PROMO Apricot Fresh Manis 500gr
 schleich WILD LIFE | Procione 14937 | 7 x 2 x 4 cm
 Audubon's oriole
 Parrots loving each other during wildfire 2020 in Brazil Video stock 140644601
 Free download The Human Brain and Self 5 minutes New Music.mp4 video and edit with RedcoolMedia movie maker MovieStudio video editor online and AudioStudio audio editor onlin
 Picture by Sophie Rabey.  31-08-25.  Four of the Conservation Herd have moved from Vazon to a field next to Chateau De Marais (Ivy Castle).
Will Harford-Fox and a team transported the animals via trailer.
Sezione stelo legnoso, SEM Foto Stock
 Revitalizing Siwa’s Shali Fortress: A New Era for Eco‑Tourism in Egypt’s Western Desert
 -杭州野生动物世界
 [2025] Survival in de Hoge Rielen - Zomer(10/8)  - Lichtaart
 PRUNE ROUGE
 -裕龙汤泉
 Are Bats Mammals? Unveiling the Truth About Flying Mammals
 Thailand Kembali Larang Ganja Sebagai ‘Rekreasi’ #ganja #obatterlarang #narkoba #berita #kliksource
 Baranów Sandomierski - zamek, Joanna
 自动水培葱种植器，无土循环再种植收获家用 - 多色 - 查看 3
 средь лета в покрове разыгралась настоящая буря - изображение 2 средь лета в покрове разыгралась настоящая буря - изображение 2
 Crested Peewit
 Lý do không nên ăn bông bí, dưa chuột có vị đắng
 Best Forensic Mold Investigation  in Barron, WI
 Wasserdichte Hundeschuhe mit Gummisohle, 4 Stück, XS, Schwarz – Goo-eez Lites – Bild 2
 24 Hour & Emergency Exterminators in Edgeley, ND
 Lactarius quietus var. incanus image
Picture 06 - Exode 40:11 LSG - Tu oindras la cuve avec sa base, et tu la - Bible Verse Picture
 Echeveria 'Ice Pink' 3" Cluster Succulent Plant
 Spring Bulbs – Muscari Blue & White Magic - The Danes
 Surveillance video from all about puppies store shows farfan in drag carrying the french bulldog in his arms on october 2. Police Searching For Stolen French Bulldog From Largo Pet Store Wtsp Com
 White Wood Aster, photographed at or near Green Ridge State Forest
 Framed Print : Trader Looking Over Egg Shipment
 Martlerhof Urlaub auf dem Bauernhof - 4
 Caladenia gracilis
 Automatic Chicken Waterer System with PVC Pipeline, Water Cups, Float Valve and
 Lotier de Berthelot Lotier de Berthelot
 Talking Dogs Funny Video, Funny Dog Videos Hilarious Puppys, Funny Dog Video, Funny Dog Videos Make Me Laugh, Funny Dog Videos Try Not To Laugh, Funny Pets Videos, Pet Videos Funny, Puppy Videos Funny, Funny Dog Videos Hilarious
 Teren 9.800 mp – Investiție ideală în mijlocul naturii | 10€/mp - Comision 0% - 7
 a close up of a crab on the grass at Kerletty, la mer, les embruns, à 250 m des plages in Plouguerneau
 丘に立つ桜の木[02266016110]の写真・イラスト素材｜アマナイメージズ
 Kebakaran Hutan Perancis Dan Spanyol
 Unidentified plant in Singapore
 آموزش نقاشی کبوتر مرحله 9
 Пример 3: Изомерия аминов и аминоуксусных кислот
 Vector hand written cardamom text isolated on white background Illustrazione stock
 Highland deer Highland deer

### REQUIREMENT
From the line containing "Vector hand written" down to the last line of the data above, copy every line exactly; leave out all other lines.

### RESPONSE TO THIS EXERCISE
 Vector hand written cardamom text isolated on white background Illustrazione stock
 Highland deer Highland deer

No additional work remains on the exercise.